What is your current process? Your machine learning solution will replace a process that already exists. How are decisions currently made in this process? Considering the current process will give you a lot of domain knowledge and help you define how your machine learning system has to look.

Define what you want to predict

What exact variable do you want to predict? Define the output of your machine learning system — in as much detail as possible.

List the useful data sources

What data do you have that’s useful to predict this output correctly? Start by listing the data sources the current process relies on. One way to list useful data sources is by asking yourself: “If I — as a human — needed to make this prediction, what data points would I want to know about?”

If you understand the current process, know what you want to predict, and have identified all the useful data sources, then you’re in a good position to decide whether it makes sense to proceed to the next stage.

2. Find an approach that works

Even if you have a good problem definition, you can’t know yet how accurate your machine learning model will be in the end – or whether it will be worth replacing the current process.

A proof of concept is the cheapest way to find out what ROI you can expect from your final solution. These are the steps:

Research

Research all the ways other teams have resolved similar tasks — whether they used machine learning or not. Then make a plan, using what you’ve learned from both your research and the existing process you want to replace.

Build a dataset

The central part of any machine learning project is the sample dataset! This includes realistic examples of exactly those cases for which you want your machine learning system to make correct predictions. Think of it as an Excel table, with:

One row per example, and
A number of columns of useful input data, plus
One column containing the output (aka the target).

The model then has to learn to predict the output from the input. For example, predicting a customer’s credit rating (output) from their payment history (input).

This dataset is like the requirements document in a normal software project — the point of reference against which you check whether you’re on track.

Experiment

Start with the most promising approach, evaluate it, and then improve from there. Repeat – until you’ve found an approach that is good enough.

3. Build a full-scale solution

Working software is the primary measure of progress. – Agile Manifesto

A proof-of-concept doesn’t make you any money. So here are the steps to take you to a stable, full-scale solution.

Improve accuracy

A proof-of-concept is a 20/80 implementation. Now it’s time to make the critical improvements you left out in your first iteration:

Add more data;
Build new features;
Try other algorithms;
Fine-tune the model parameters.

Scale

It’s a big step from a proof-of-concept script to a production-ready solution.

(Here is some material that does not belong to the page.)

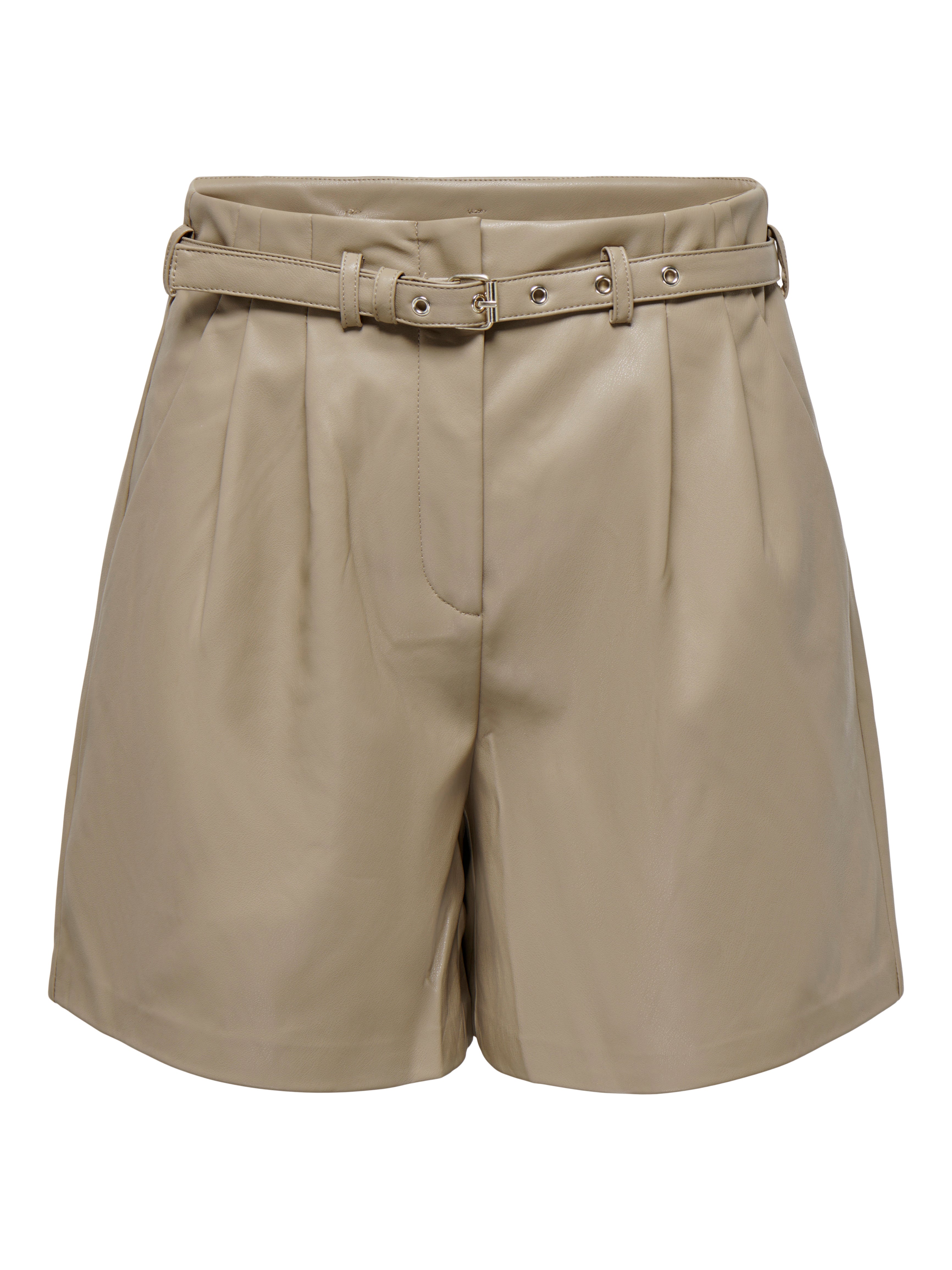 ONLHEIDI Mittlere Taille Normal geschnitten Shorts in Lederoptik Weathered Teak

Scalability & Stability: Rewrite data processing steps into separate, scalable tasks within a data pipeline.
Tests: Write additional unit and integration tests — that also cover possible errors in the data.
Deployment: Build flexible, repeatable, easy deployment that can handle the throughput and processing speed you need (including automated build-up of your infrastructure).

A/B Test

Similarly to other software updates, the final test for your newly automated process is comparing it with the current process. With an A/B test, you can measure the improvement you’ve achieved, as well as the ROI of your project.

API

Your machine learning service needs a way to speak to the rest of your infrastructure. That’s either done by continually saving the results into a database or making the algorithm available through an API.

Documentation

Beyond documentation for the code, you should consider writing a user guide that explains how the solution works. It’s important to clarify the ideas behind the implementation: in data science, it can be hard to understand your reasoning from your code alone.

Optional Add-ons

Versioning. Maybe you need to A/B test against an older model, or switch to a previous version of your pipeline on short notice — correct versioning makes this easy.
Automated retraining. Models get outdated — and eventually, you’ll have to retrain yours on new data. In some cases, it makes sense to automate model updating.